*Task goal:* Only the lines from the one with "A hotel room" through the last line of the data below are to be duplicated, exactly and without pictures.

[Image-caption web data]
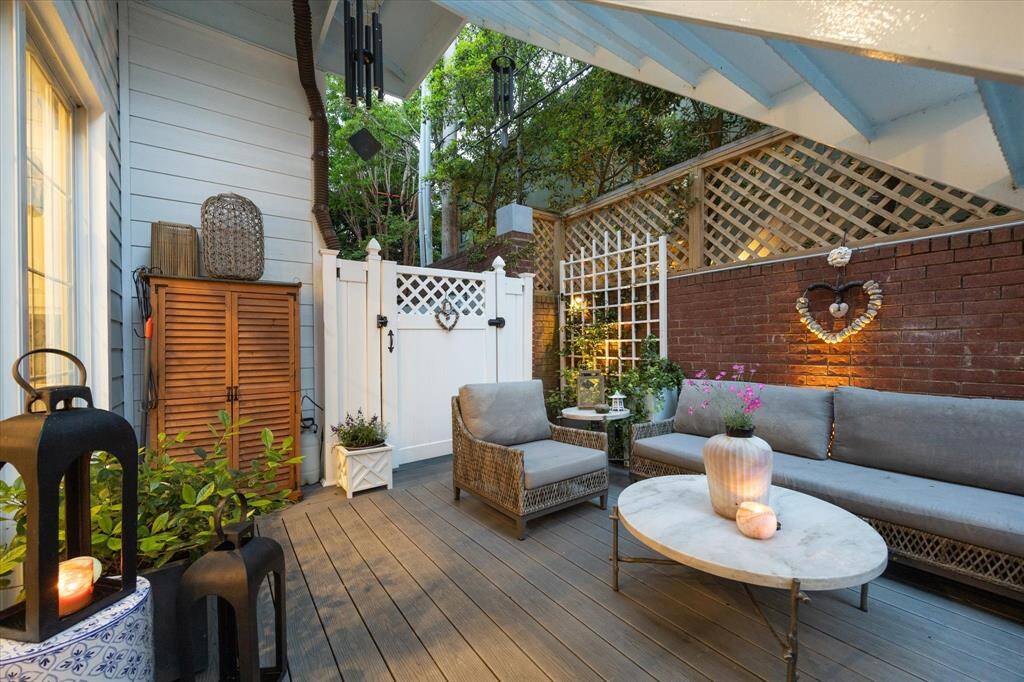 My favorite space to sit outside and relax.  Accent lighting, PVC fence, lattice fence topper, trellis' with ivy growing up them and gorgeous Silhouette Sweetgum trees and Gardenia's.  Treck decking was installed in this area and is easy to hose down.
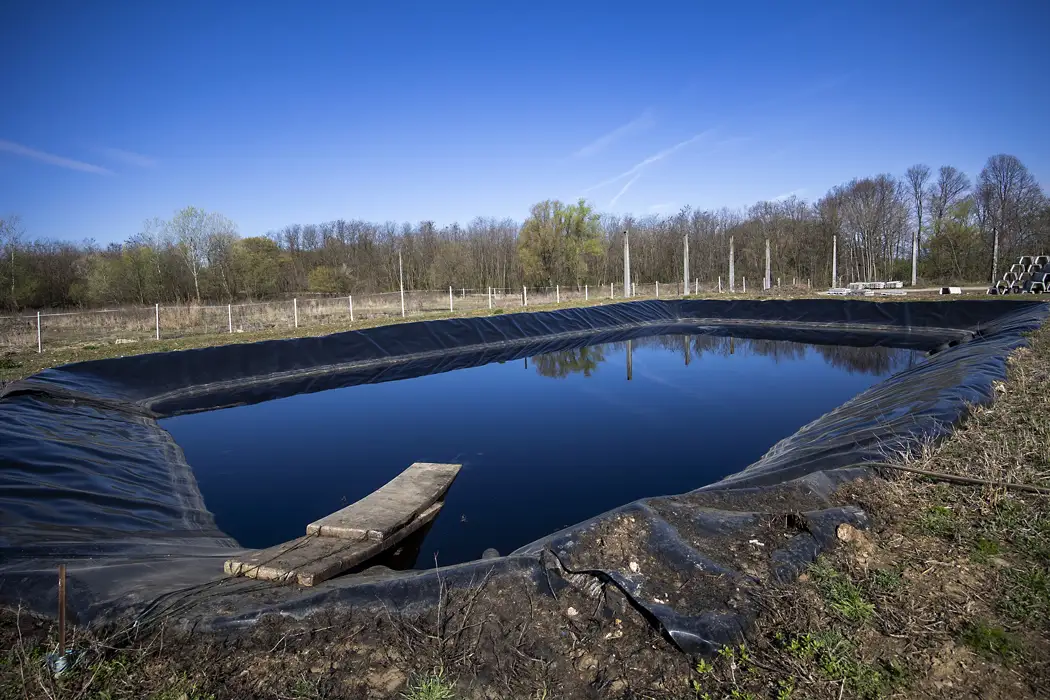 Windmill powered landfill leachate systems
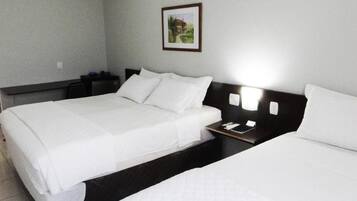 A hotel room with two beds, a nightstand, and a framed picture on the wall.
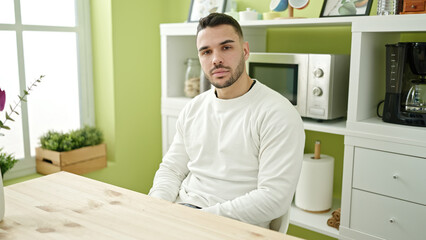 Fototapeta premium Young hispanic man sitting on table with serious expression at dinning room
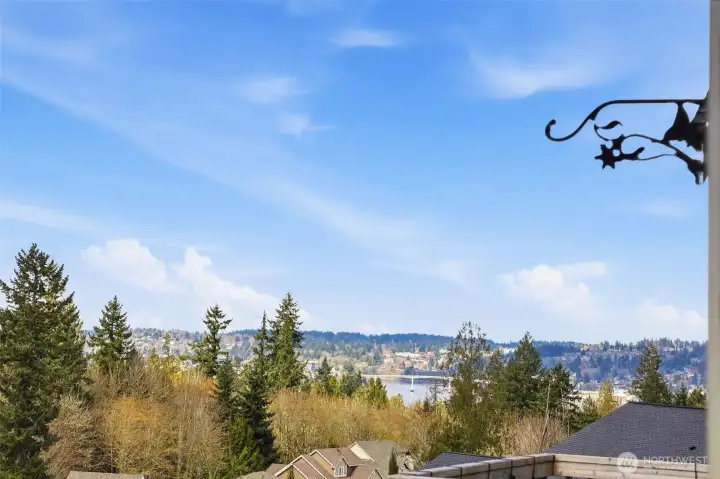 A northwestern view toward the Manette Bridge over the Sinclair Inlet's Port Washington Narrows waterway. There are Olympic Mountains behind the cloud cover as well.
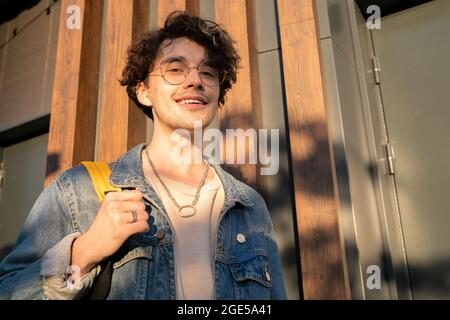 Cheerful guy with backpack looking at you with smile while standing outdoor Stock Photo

*Reply to the task:*
 A hotel room with two beds, a nightstand, and a framed picture on the wall.
 Fototapeta premium Young hispanic man sitting on table with serious expression at dinning room
 A northwestern view toward the Manette Bridge over the Sinclair Inlet's Port Washington Narrows waterway. There are Olympic Mountains behind the cloud cover as well.
 Cheerful guy with backpack looking at you with smile while standing outdoor Stock Photo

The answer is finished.